## [Problem description]
Would you transcribe the entries below word for word, omitting all images?

Captioned web image data:
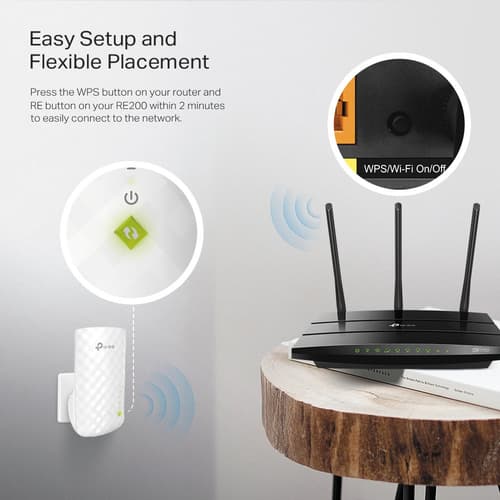 TP-Link RE200 - Wi-Fi range extender - Wi-Fi 5 — view 9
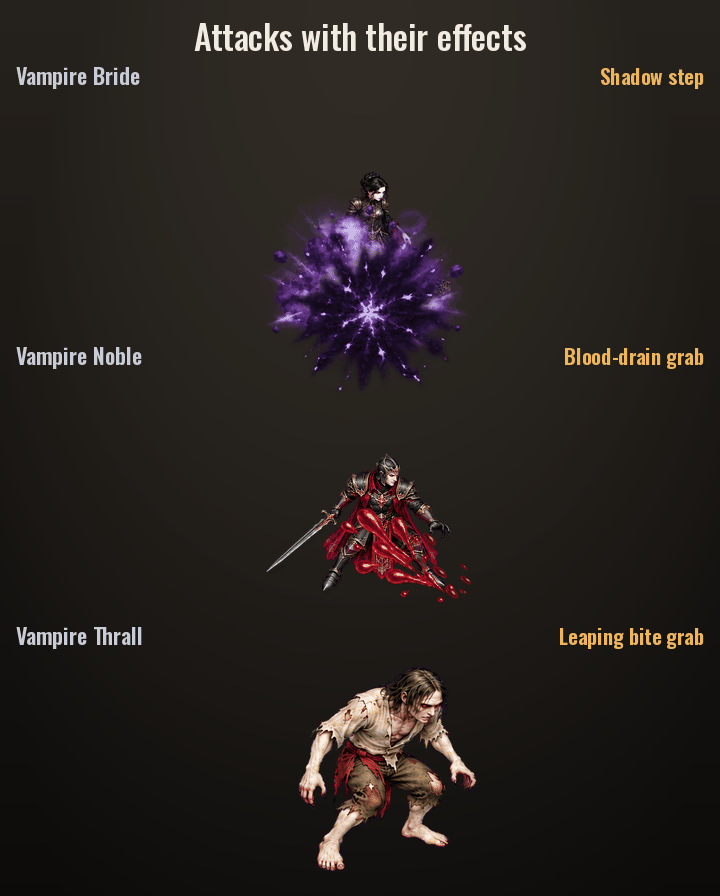 Vampires: attacks with their effects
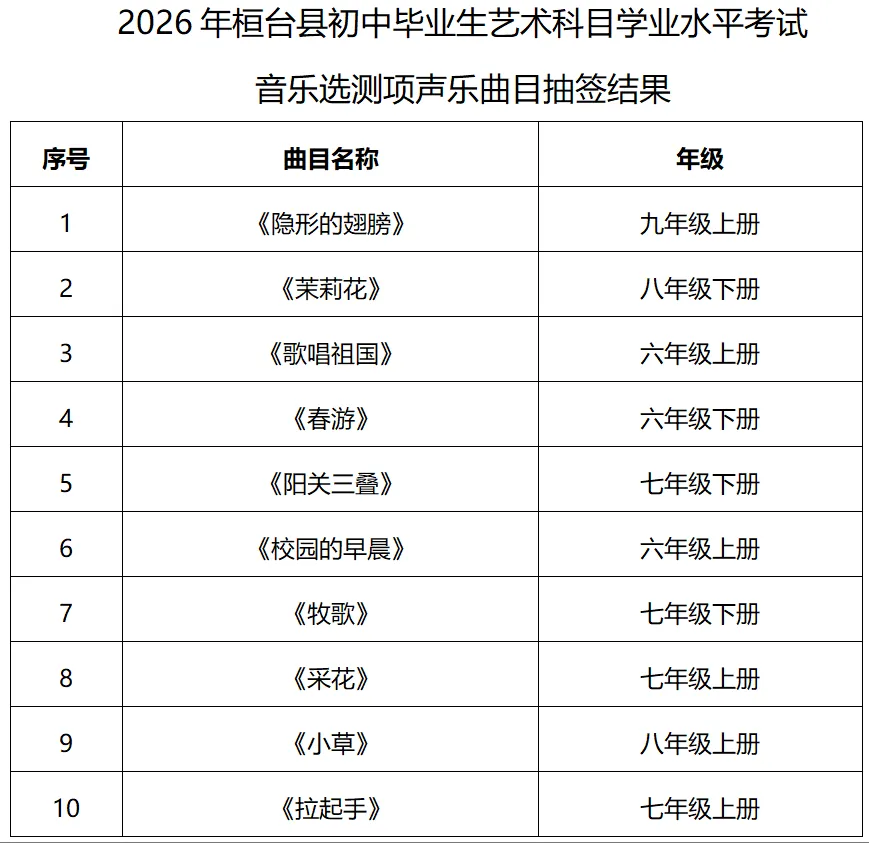 2026桓台体育中考抽测项目确定! 第8张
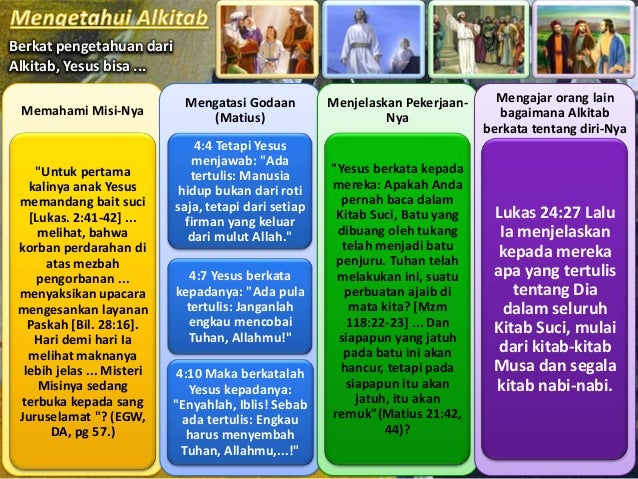 Pelajaran sekolah sabat ke 1 triwulan 1 2014
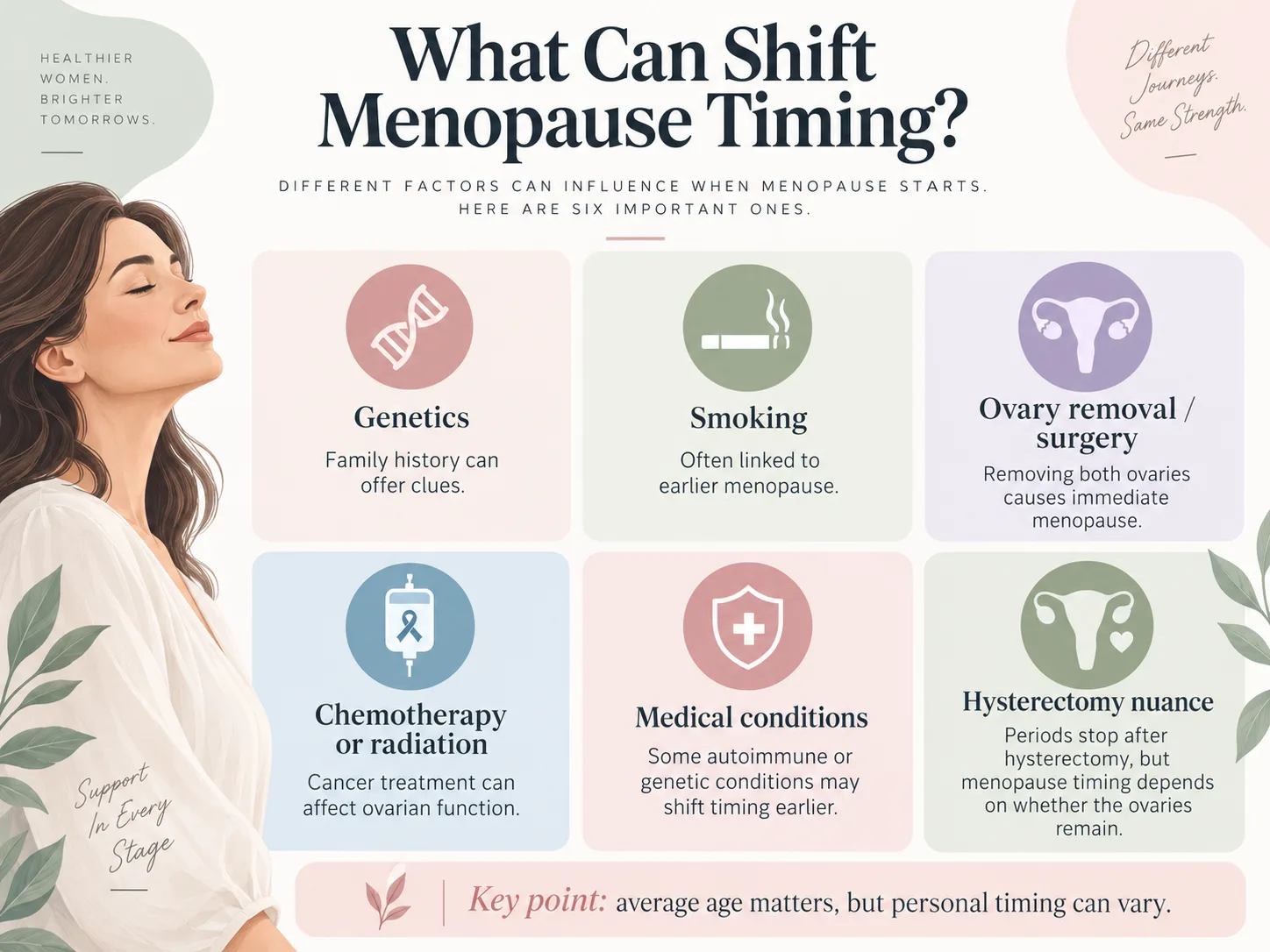 Factors that may affect menopause timing, including genetics, smoking, ovary removal, chemotherapy, medical conditions and hysterectomy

## [Result of this task]
 TP-Link RE200 - Wi-Fi range extender - Wi-Fi 5 — view 9
 Vampires: attacks with their effects
 2026桓台体育中考抽测项目确定! 第8张
 Pelajaran sekolah sabat ke 1 triwulan 1 2014
 Factors that may affect menopause timing, including genetics, smoking, ovary removal, chemotherapy, medical conditions and hysterectomy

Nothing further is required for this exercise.